State v. Charles Barham

CourtCourt of Appeals of South Carolina
DecidedMay 22, 2024
Docket2019-001981
StatusUnpublished

This text of State v. Charles Barham (State v. Charles Barham) is published on Counsel Stack Legal Research, covering Court of Appeals of South Carolina primary law. Counsel Stack provides free access to over 12 million legal documents including statutes, case law, regulations, and constitutions.

Bluebook
State v. Charles Barham, (S.C. Ct. App. 2024).

Opinion

THIS OPINION HAS NO PRECEDENTIAL VALUE. IT SHOULD NOT BE CITED OR RELIED ON AS PRECEDENT IN ANY PROCEEDING EXCEPT AS PROVIDED BY RULE 268(d)(2), SCACR.

THE STATE OF SOUTH CAROLINA In The Court of Appeals

The State, Respondent,

v.

Charles Barham, Appellant.

Appellate Case No. 2019-001981

Appeal From Richland County DeAndrea G. Benjamin, Circuit Court Judge

Unpublished Opinion No. 2024-UP-182 Submitted May 8, 2024 – Filed May 22, 2024

AFFIRMED

Katherine Carruth Goode and Jack B. Swerling, both of Columbia, for Appellant.

Attorney General Alan McCrory Wilson, Deputy Attorney General Donald J. Zelenka, Senior Assistant Deputy Attorney General Melody Jane Brown, Senior Assistant Attorney General J. Anthony Mabry, and Solicitor Byron E. Gipson, all of Columbia, for Respondent. PER CURIAM: In August 2019, a jury convicted Charles Brandon Barham of the 2015 murder of Charles Kusko and on related charges of first-degree burglary, common-law conspiracy, and possession of a weapon during the commission of a violent crime. The trial court sentenced Barham to concurrent terms of forty years' imprisonment for murder, forty years' imprisonment for burglary, five years' imprisonment for conspiracy, and five years' imprisonment for the weapon charge. Barham appeals his convictions and sentences, challenging the admission of testimony from Kusko's daughter that Kusko had accused Barham of stealing tools and rebuttal testimony from a co-participant regarding Barham's alleged participation in an unrelated burglary in 2007. Barham further argues he was denied a fair trial because of the cumulative effect of these two alleged errors. We affirm.

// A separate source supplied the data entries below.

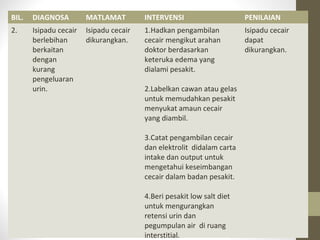 BIL.

DIAGNOSA

MATLAMAT

INTERVENSI

PENILAIAN

2.

Isipadu cecair
berlebihan
berkaitan
dengan
kurang
pengeluaran
urin.

Isipadu cecair
dikurangkan.

1.Hadkan pengambilan
cecair mengikut arahan
doktor berdasarkan
keteruka edema yang
dialami pesakit.

Isipadu cecair
dapat
dikurangkan.

2.Labelkan cawan atau gelas
untuk memudahkan pesakit
menyukat amaun cecair
yang diambil.
3.Catat pengambilan cecair
dan elektrolit didalam carta
intake dan output untuk
mengetahui keseimbangan
cecair dalam badan pesakit.
4.Beri pesakit low salt diet
untuk mengurangkan
retensi urin dan
pegumpulan air di ruang
interstitial.

 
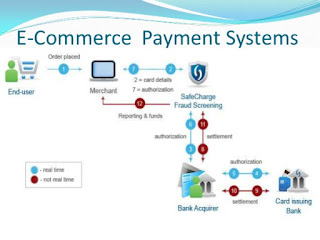 E-Commerce - Payment Systems التجارة الإلكترونية - أنظمة الدفع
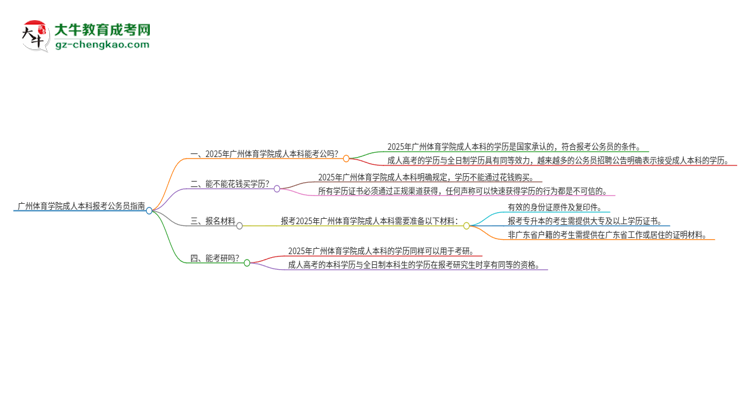 可以用廣州體育學(xué)院2025年成人本科學(xué)歷報(bào)考公務(wù)員嗎？思維導(dǎo)圖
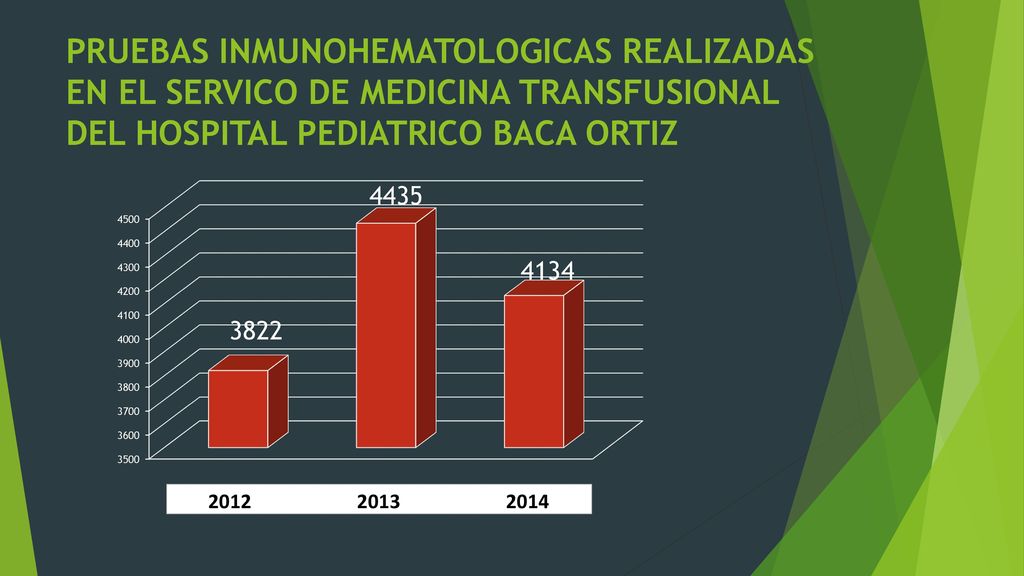 PRUEBAS INMUNOHEMATOLOGICAS REALIZADAS EN EL SERVICO DE MEDICINA TRANSFUSIONAL DEL HOSPITAL PEDIATRICO BACA ORTIZ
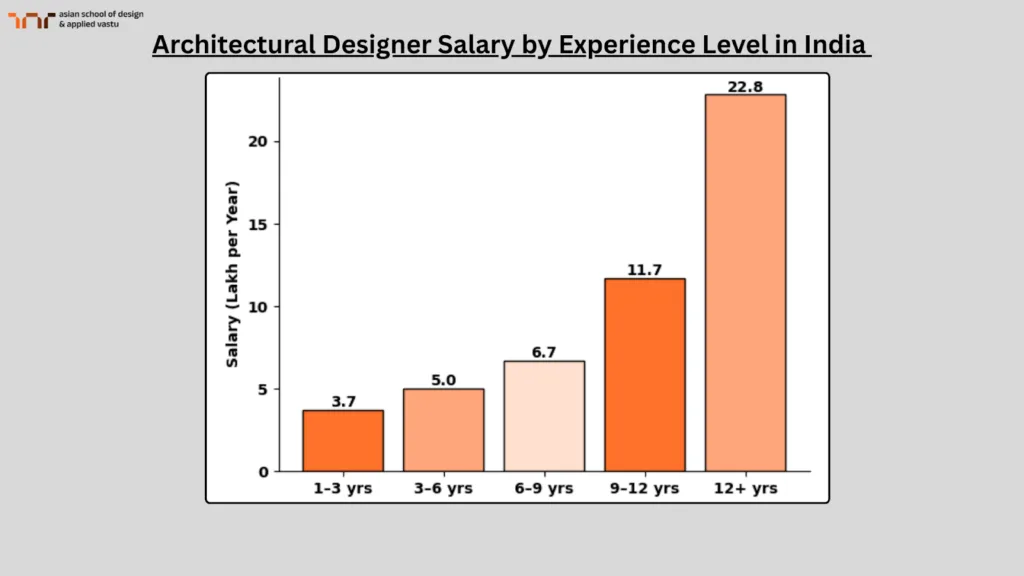 Architectural Designer Salary by experience Level in India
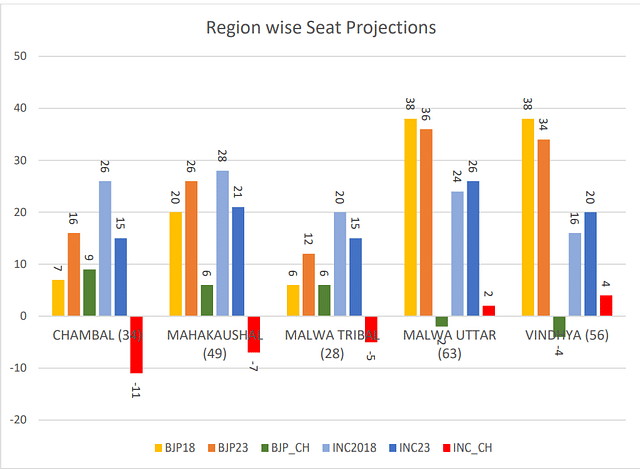 Region Wise Seat Share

We decline to address the merits of Barham's argument that the trial court erred in admitting testimony from Laurin Barnes, Kusko's daughter, that Kusko told her Barham had stolen tools from him. After the State made a proffer of Barnes's testimony, the trial court—over objections from the defense that the statement was inadmissible hearsay, improper character evidence, and unduly prejudicial—ruled in limine it was relevant to show motive, admissible under the state of mind exception to the hearsay rule, and its prejudicial effect did not outweigh its probative value. When the jury returned, the State presented three other witnesses before calling Barnes, and the defense did not renew any of its prior objections when Barnes testified. Barham, therefore, failed to preserve this issue for appellate review. See State v. Morales, 439 S.C. 600, 606-07, 889 S.E.2d 551, 555 (2023) (recognizing that if no evidence is offered between a preliminary ruling and the admission of the evidence ruled upon, the decision is final and there is no need for an additional objection, but noting an additional contemporaneous objection is usually required when additional evidence is offered in the meantime); State v. Wiles, 383 S.C. 151, 156, 679 S.E.2d 172, 175 (2009) ("Generally, a motion in limine is not a final determination; a contemporaneous objection must be made when the evidence is introduced."); id. (acknowledging "an exception to this general rule," i.e., "when a ruling on the motion in limine is made 'immediately prior to the introduction of the evidence in question'" (quoting State v. Forrester, 343 S.C. 637, 642, 541 S.E.2d 837, 840 (2001))); State v. Mueller, 319 S.C. 266, 268, 460 S.E.2d 409, 410 (Ct. App. 1995) ("Because the evidence developed during trial may warrant a change in the ruling, the losing party must renew his objection at trial when the evidence is presented in order to preserve the issue for appeal."). Barham further argues the trial court erred in admitting rebuttal testimony from Floyd Owen, a co-participant in Kusko's murder who testified for the State after pleading guilty to indictments identical to those issued against Barham, in which Owen gave details of a 2007 burglary in which he and Barham participated. The trial court admitted the testimony based on its determination that the defense's cross-examination of another witness opened the door to the evidence about the earlier crime. We uphold the trial court's admission of the testimony.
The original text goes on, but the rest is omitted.